Mais au prix des canettes - 300 roupies (2,5 euros) sur le marché légal pour un salaire moyen de 13.000 roupies (110 euros) - ce sont rarement les minorités défavorisées qui les boivent: plutôt l'élite, largement musulmane.
"Les magasins d'alcool vendent à qui a les moyens d'acheter... et seuls les musulmans ont les moyens", souligne Tahir Ahmed, thérapeute spécialiste des addictions, inquiet de l'augmentation de l'alcoolisme.
"Dans la culture villageoise, il y a toujours eu des alcools distillés localement. La classe moyenne est imprégnée de moralité islamique, mais la classe supérieure elle, s'enrichit et servir de l'alcool à ses invités est devenu une nouvelle norme".
Open bar bien garni pour un anniversaire, dîners arrosés de vin italien ou discrète voiture-bar sur le parking lors des mariages sont alimentés par un juteux marché noir et de vastes importations en contrebande.
"La principale voie d'importation illégale passe par Dubaï, avec des vedettes traversant la mer" d'Arabie vers la côte pakistanaise, selon un responsable douanier.
Certains contrebandiers parviennent à importer sous le manteau des conteneurs entiers grâce à des complicités, tandis que des diplomates peu scrupuleux revendent une partie de leur quota d'importation légale à des trafiquants d'alcool.
Une ambassade asiatique avait même un temps ouvert son propre débit de boisson, selon d'anciens clients.
- Fait maison -
Mais les prix des trafiquants restent prohibitifs: 2.000 roupies pour une bouteille de gin de Murree, souvent coupée avec des cocktails médicamenteux, et 4.000 roupies pour une bouteille de vin ordinaire.
Ceux qui n'ont pas les moyens de la version originale recourent à des alcools frelatés et les journaux se font régulièrement l'écho de décès après des festivités mal arrosées.
C'est pourquoi des amateurs aisés, lassés de ces dépenses et de la qualité inégale de l'offre, préfèrent produire directement leur vin maison.
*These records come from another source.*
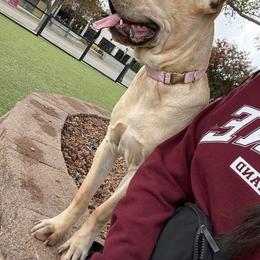 Peaches - Cane Corso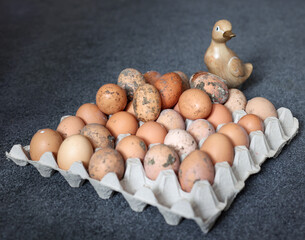 A duck guards its eggs in a carton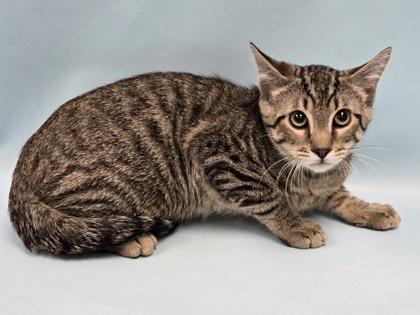 Stewart, Adoptable, Kitten Male Domestic Short Hair & Domestic Short Hair.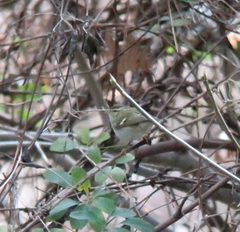 Phylloscopus inornatus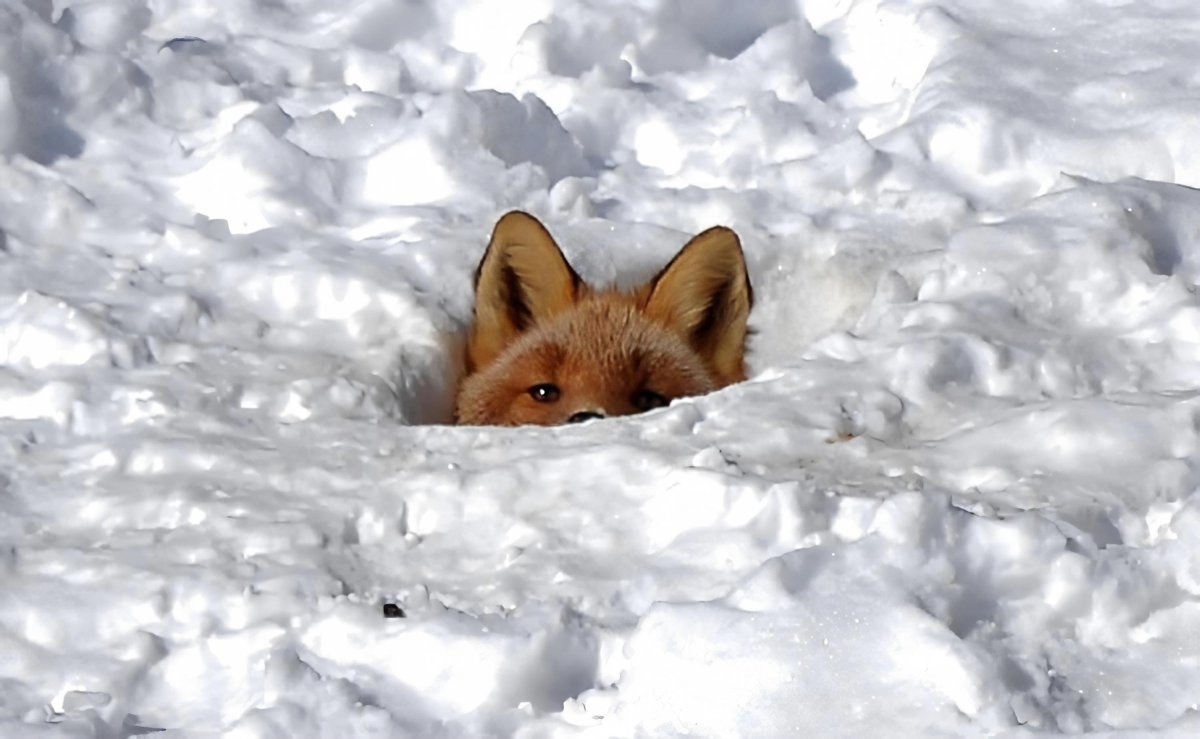 Лиса спряталась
Une pratique qui a cours depuis des décennies.
Pas de vigne à vendanger ni de cuvage: Hassan se contente d'acheter quelques litres de jus de raisin, du sucre et des ferments qu'il mélange dans de grandes bonbonnes en verre. Pour le vin blanc, il presse plusieurs kilos d'oranges et de raisin blanc qu'il agrémente de raisins secs. Le tout fermente discrètement sous une table dans sa chambre d'amis.
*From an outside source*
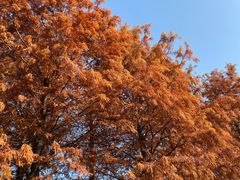 -上海园林（集团）有限公司总部办公楼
"Le procédé est assez simple, mais il faut tout nettoyer à fond", explique ce trentenaire formé sur le tas, avec internet et l'aide de ses parents "qui [lui] ont montré comment ils faisaient quand ils étaient jeunes".
"Le vin qu'on trouve ici n'est pas bon et il est cher", justifie-t-il.
Fabriquer une dizaine de litres ne lui coûte que quelques dizaines d'euros, soit environ dix fois moins cher qu'au marché noir. Certes, toutes les cuvées ne sont pas réussies. Mais au-delà du coût, "c'est un chouette passe-temps, c'est amusant de faire et de boire sa propre production" entre amis, dit-il.
Un divertissement passible de 80 coups de fouets. Pas de quoi dissuader le vinificateur amateur néanmoins, car cette peine n'a quasiment jamais été appliquée...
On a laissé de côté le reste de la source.